Beginning at the line with "vidaXL Kaptafelset 86,5x35x136", please repeat each line exactly through the end of the records below, including that first line and the last, but no pictures.

[[ Study material open ]]

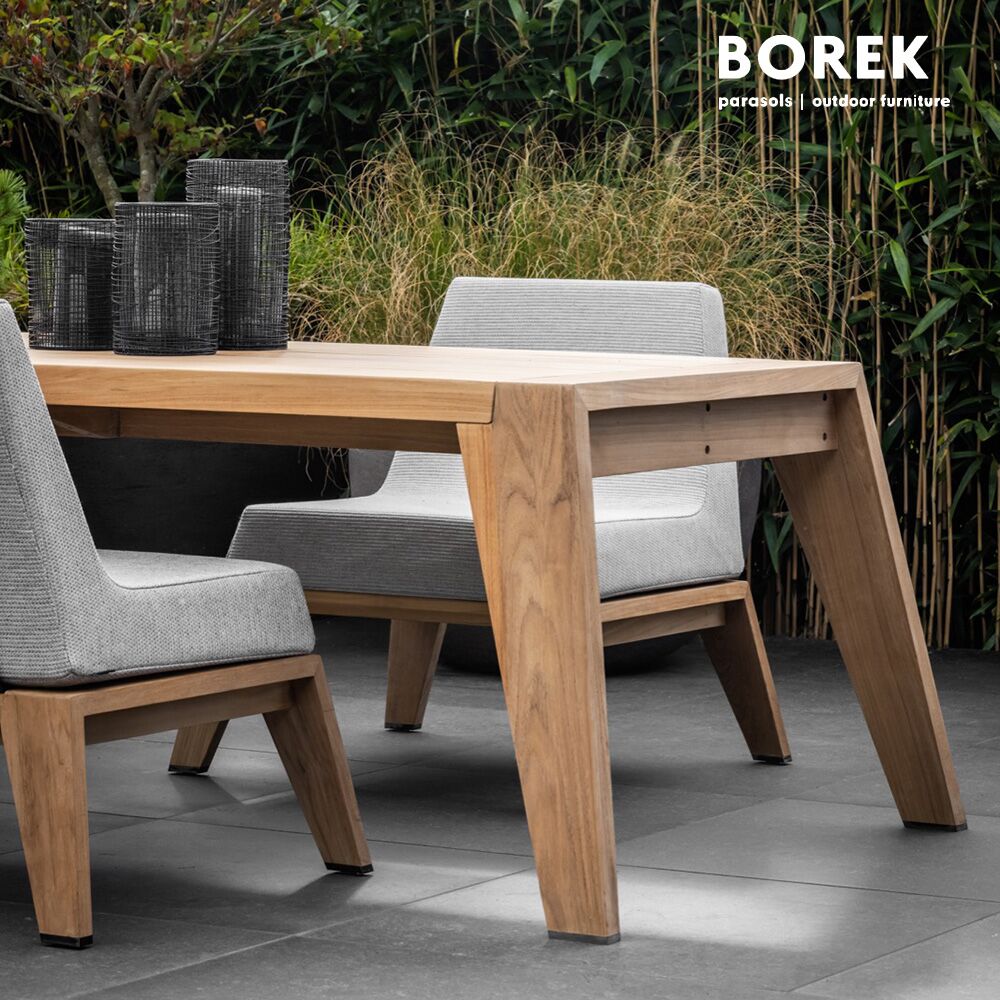  Gepolsterter Gartenstuhl Aus Teakholz Mit Rollen - Borek - Hybrid Stuhl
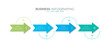 © GHDcreativedesigner - Arrow process infographic with four steps and icons. Horizontal business timeline template for presentation slide. Presentation, Timeline, Workflow, Marketing and Strategy. Vector illustration.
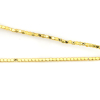 Bild von (Klasse B) Hämatit ( Natur ) Perlen Polygon Golden Facettiert ca. 3mm x 3mm, 40.5cm lang, 5 Stränge (ca. 128 Stück/Strang)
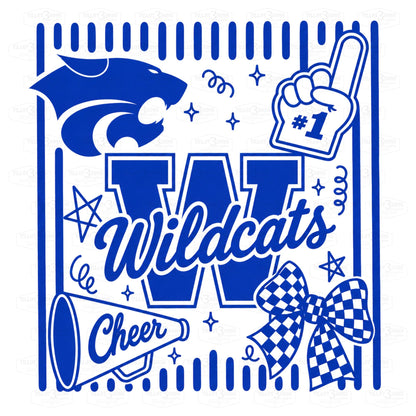 Preppy Wildcat Cheer Shirt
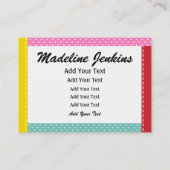 Borduurwerk - Mode - Seamstress - SRF Visitekaartje (Achterkant)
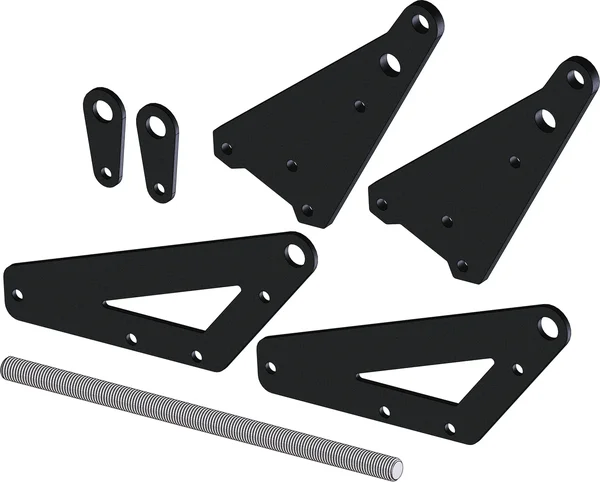 KFI UTV Pro 2.0 Heavy-Duty Plow Push Tube Kit - Durable Snow Plowing Attachment for UTVs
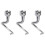 3X Spiral Dough Hook for  4.5-5 Quart Tilt- Stand Mixer, Dough Hook Replacement for  Attachment 1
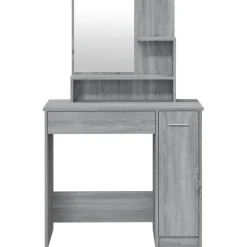 vidaXL Kaptafelset 86,5x35x136 cm grijs sonoma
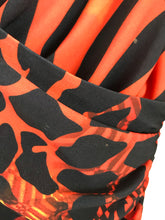 Load image into Gallery viewer, Star by Julien MacDonald Women’s Animal Print Draped Wrap Top | UK14 | Orange
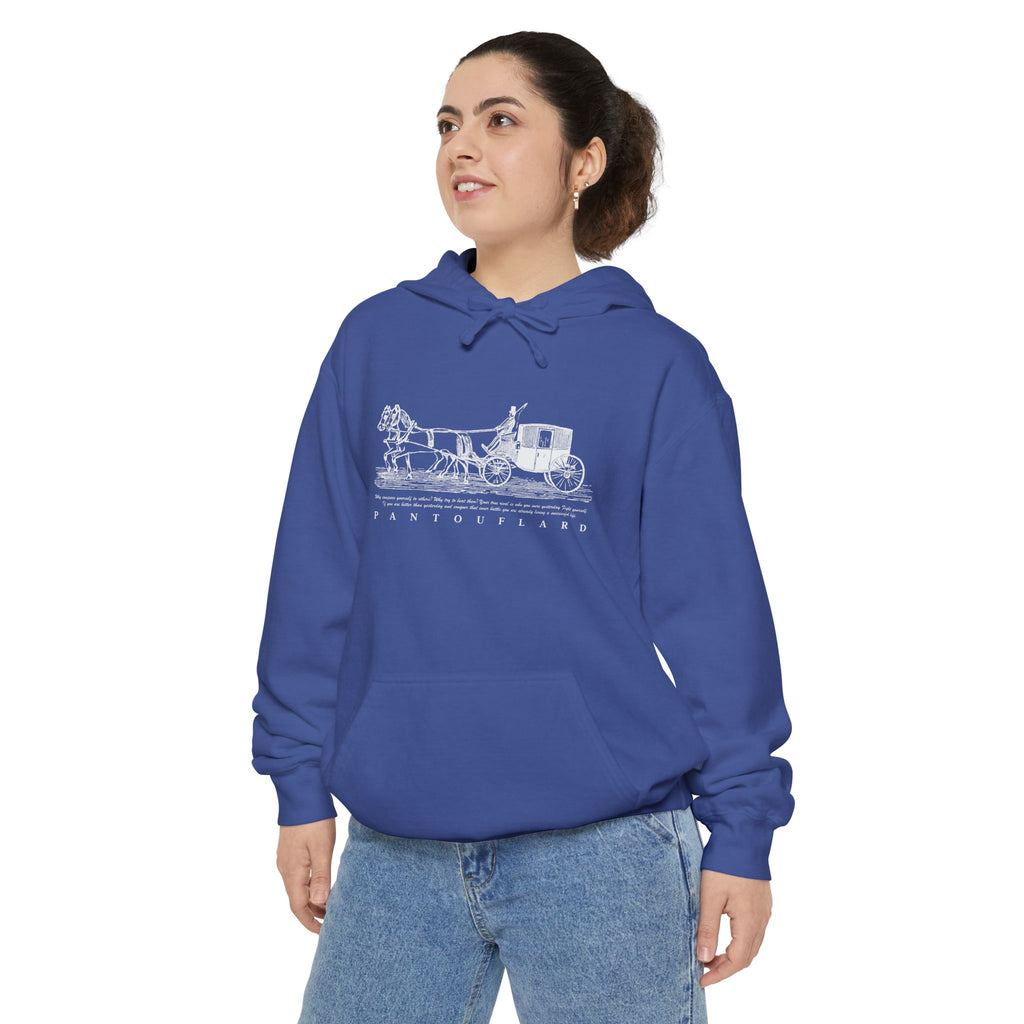 Old Money Equestrian Heritage Hoodie - The Heritage Carriage II (Premium Garment-Dyed Heavyweight Fleece)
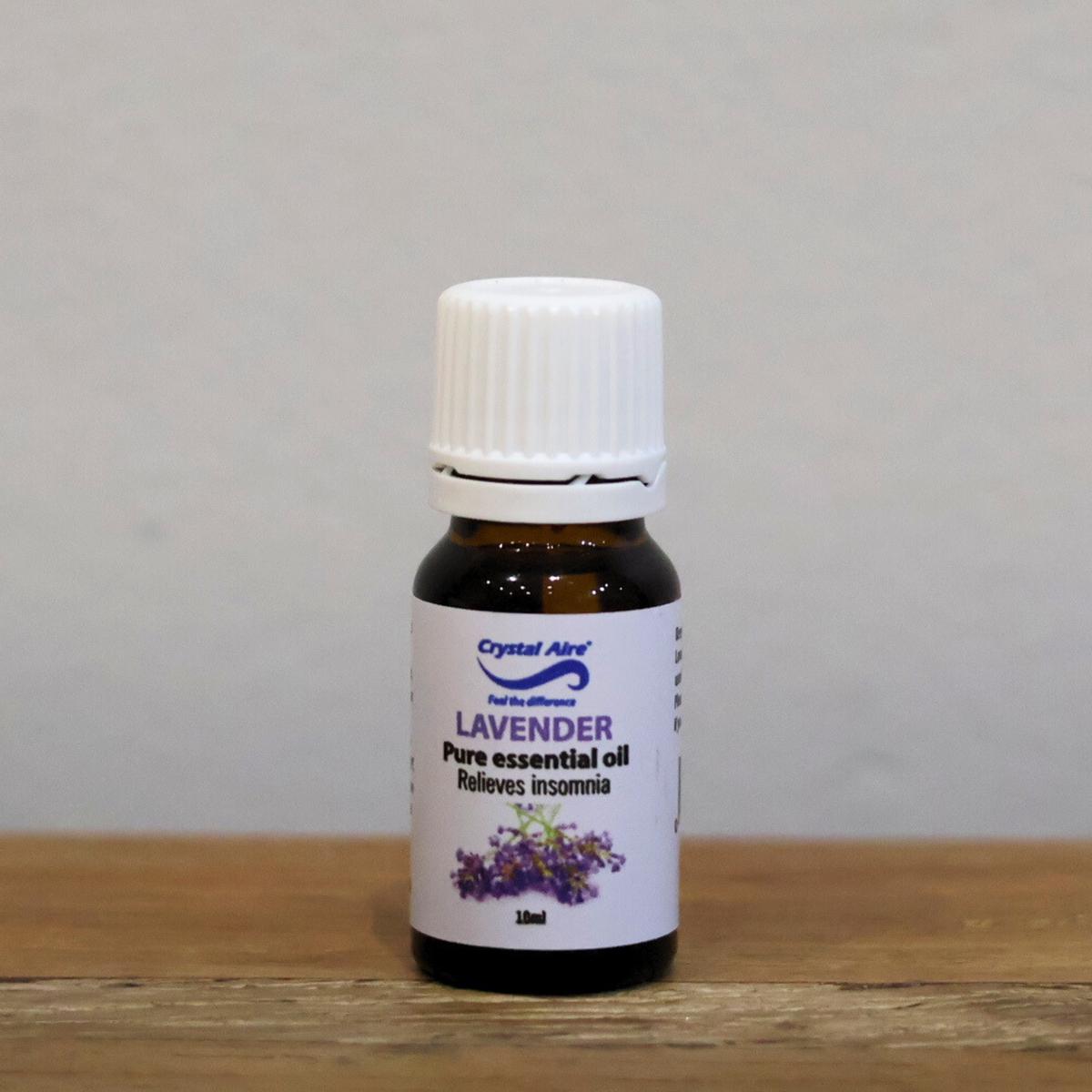 Crystal Aire Lavender 10ml Essential Oil for Stress, Insomnia & More 10ml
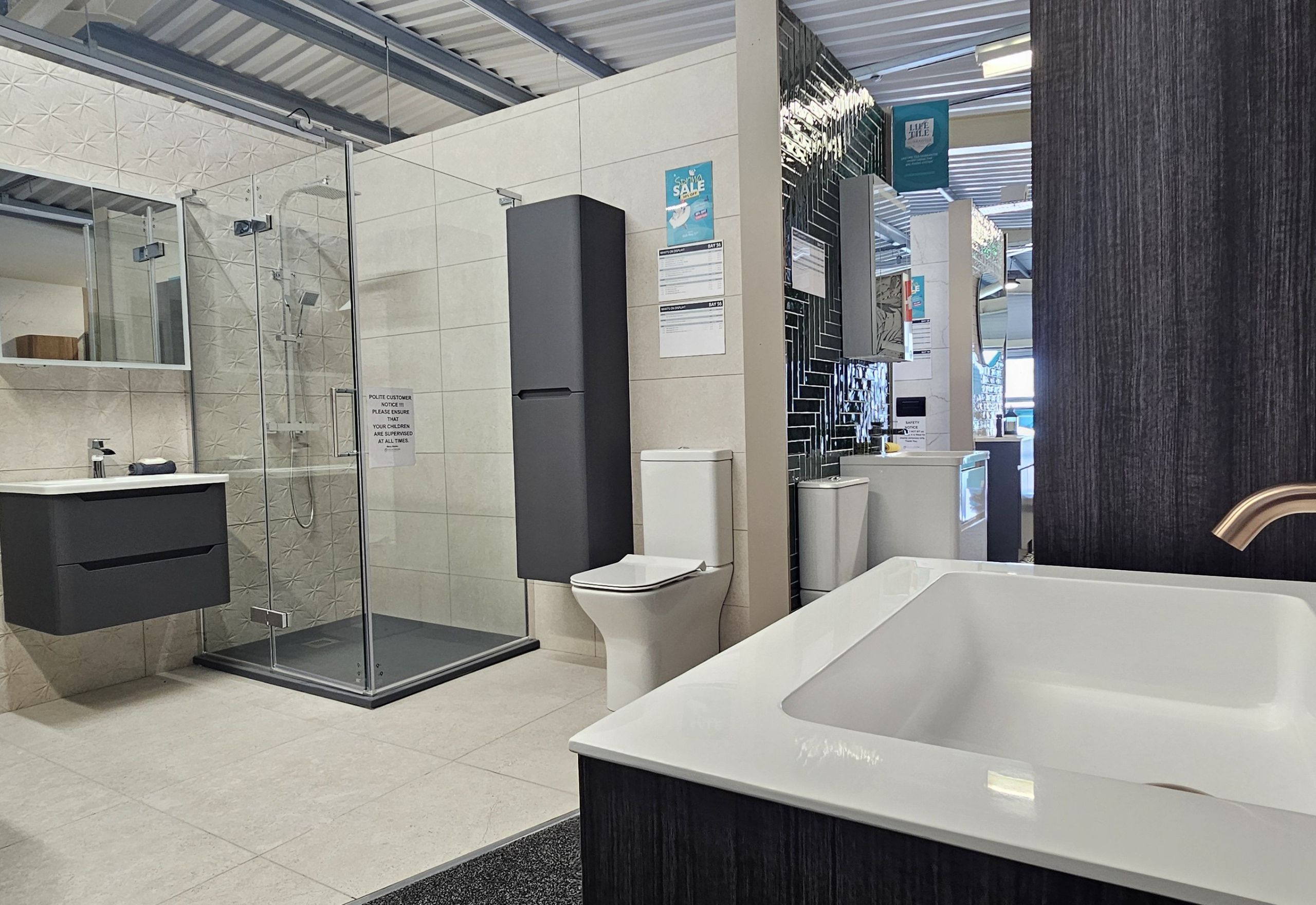 Easy Bathrooms & Tiles Fareham Showroom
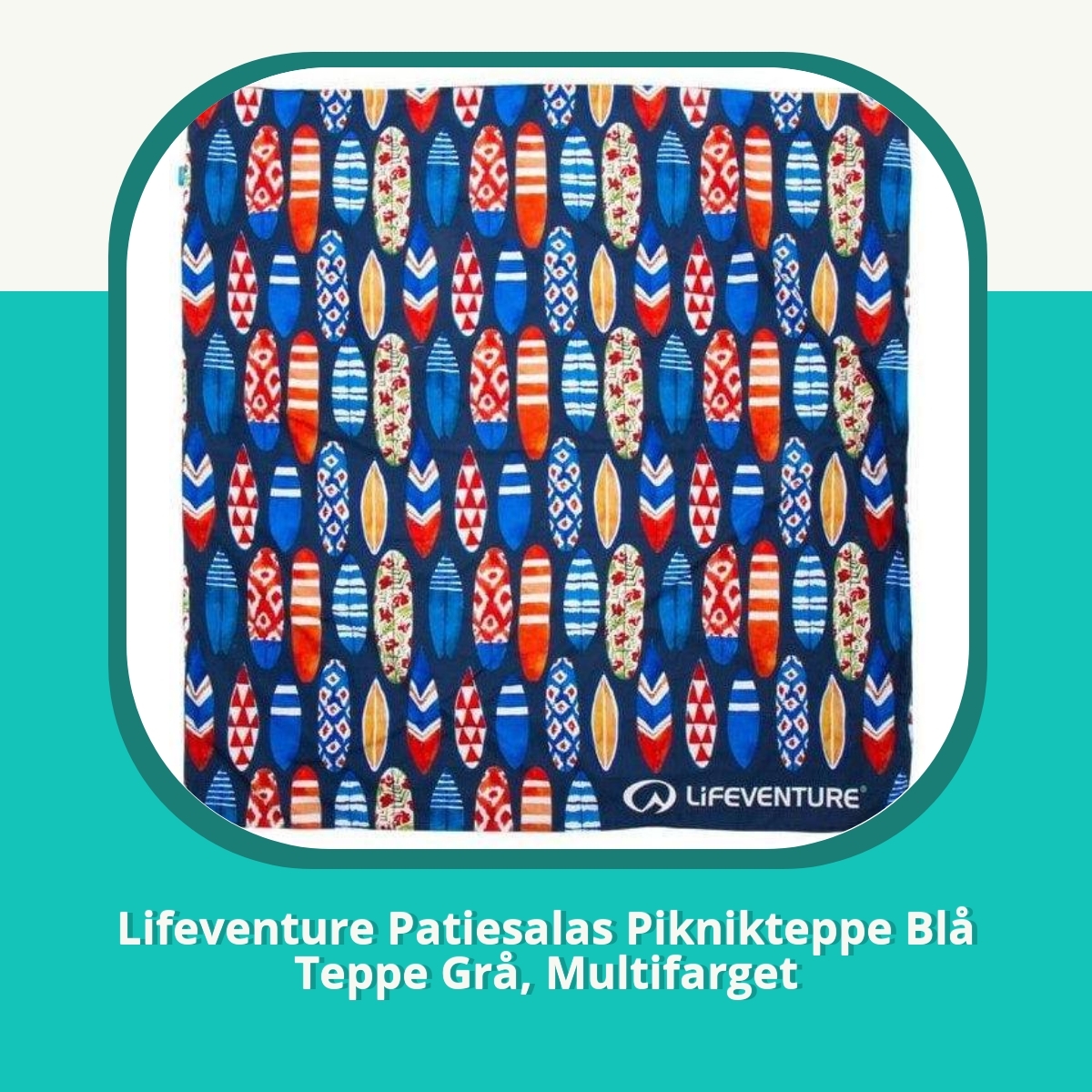 Anmeldelse af Lifeventure Patiesalas Piknikteppe Blå Teppe Grå, Multifarget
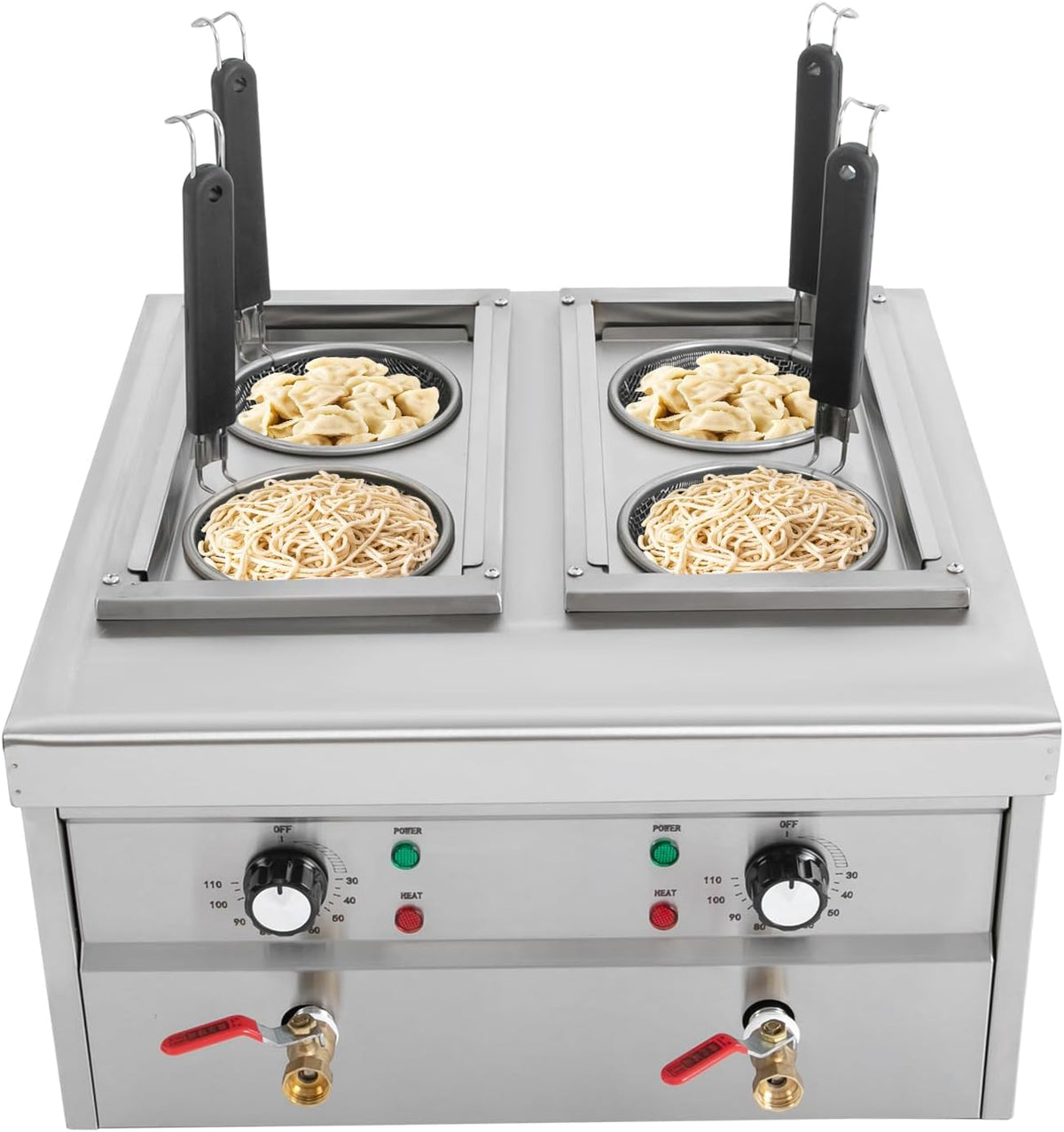 Kuchenki do makaronów GAOUSD, 12 cm – 220 V, Czarny, stal nierdzewna, Gotowanie Maszyna – Profesjonalne, Restauracja, Centrum handlowe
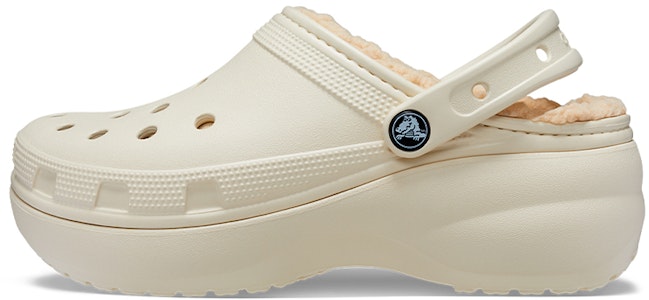 (W) 크록스 클래식 플랫폼 라인드 클로그 '본' 207938-2Y2 Buy (W) 크록스 클래식 플랫폼 라인드 클로그 '본' 207938-2Y2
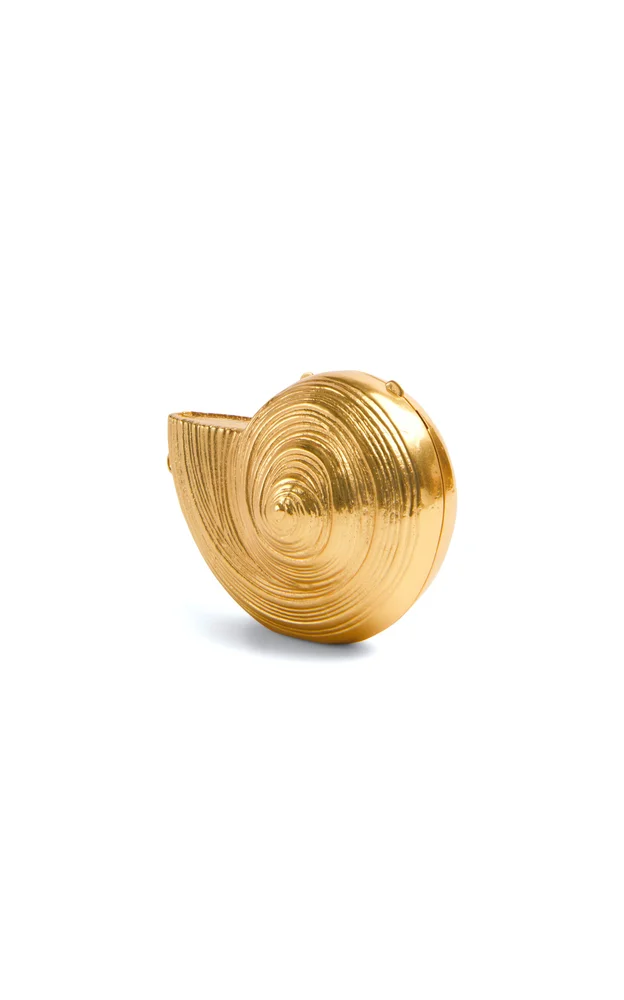 Marion Metal Shell Clutch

[[ Study material closed ]]

#### Written answer
 vidaXL Kaptafelset 86,5x35x136 cm grijs sonoma
 Load image into Gallery viewer, Star by Julien MacDonald Women’s Animal Print Draped Wrap Top | UK14 | Orange
 Old Money Equestrian Heritage Hoodie - The Heritage Carriage II (Premium Garment-Dyed Heavyweight Fleece)
 Crystal Aire Lavender 10ml Essential Oil for Stress, Insomnia & More 10ml
 Easy Bathrooms & Tiles Fareham Showroom
 Anmeldelse af Lifeventure Patiesalas Piknikteppe Blå Teppe Grå, Multifarget
 Kuchenki do makaronów GAOUSD, 12 cm – 220 V, Czarny, stal nierdzewna, Gotowanie Maszyna – Profesjonalne, Restauracja, Centrum handlowe
 (W) 크록스 클래식 플랫폼 라인드 클로그 '본' 207938-2Y2 Buy (W) 크록스 클래식 플랫폼 라인드 클로그 '본' 207938-2Y2
 Marion Metal Shell Clutch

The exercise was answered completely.